Brief: The answer should hold exactly the lines of the entries below from the one containing "DN Magyar Aranyóriások" through the last line, both included.
[Opening Data provided section]
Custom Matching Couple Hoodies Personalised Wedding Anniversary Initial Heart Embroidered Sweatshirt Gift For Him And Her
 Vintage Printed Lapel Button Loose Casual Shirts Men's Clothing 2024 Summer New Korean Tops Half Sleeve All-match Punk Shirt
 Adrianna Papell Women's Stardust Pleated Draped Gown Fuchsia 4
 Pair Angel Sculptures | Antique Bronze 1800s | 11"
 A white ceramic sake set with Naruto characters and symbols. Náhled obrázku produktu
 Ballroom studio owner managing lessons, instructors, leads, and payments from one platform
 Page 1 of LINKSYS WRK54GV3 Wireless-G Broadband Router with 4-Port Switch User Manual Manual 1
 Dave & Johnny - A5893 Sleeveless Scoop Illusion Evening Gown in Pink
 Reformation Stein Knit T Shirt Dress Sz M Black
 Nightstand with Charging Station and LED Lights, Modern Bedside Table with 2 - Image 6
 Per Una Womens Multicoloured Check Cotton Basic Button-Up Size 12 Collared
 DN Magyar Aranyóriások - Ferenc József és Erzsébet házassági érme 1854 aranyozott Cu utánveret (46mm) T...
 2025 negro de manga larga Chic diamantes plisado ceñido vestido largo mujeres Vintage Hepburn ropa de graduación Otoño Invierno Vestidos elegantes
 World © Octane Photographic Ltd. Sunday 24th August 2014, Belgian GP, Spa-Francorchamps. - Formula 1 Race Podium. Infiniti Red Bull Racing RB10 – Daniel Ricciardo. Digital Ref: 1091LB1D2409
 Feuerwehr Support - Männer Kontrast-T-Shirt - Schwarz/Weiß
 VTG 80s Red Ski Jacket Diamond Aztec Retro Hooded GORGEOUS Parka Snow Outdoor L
[Closing Data provided section]
Task result:
 DN Magyar Aranyóriások - Ferenc József és Erzsébet házassági érme 1854 aranyozott Cu utánveret (46mm) T...
 2025 negro de manga larga Chic diamantes plisado ceñido vestido largo mujeres Vintage Hepburn ropa de graduación Otoño Invierno Vestidos elegantes
 World © Octane Photographic Ltd. Sunday 24th August 2014, Belgian GP, Spa-Francorchamps. - Formula 1 Race Podium. Infiniti Red Bull Racing RB10 – Daniel Ricciardo. Digital Ref: 1091LB1D2409
 Feuerwehr Support - Männer Kontrast-T-Shirt - Schwarz/Weiß
 VTG 80s Red Ski Jacket Diamond Aztec Retro Hooded GORGEOUS Parka Snow Outdoor L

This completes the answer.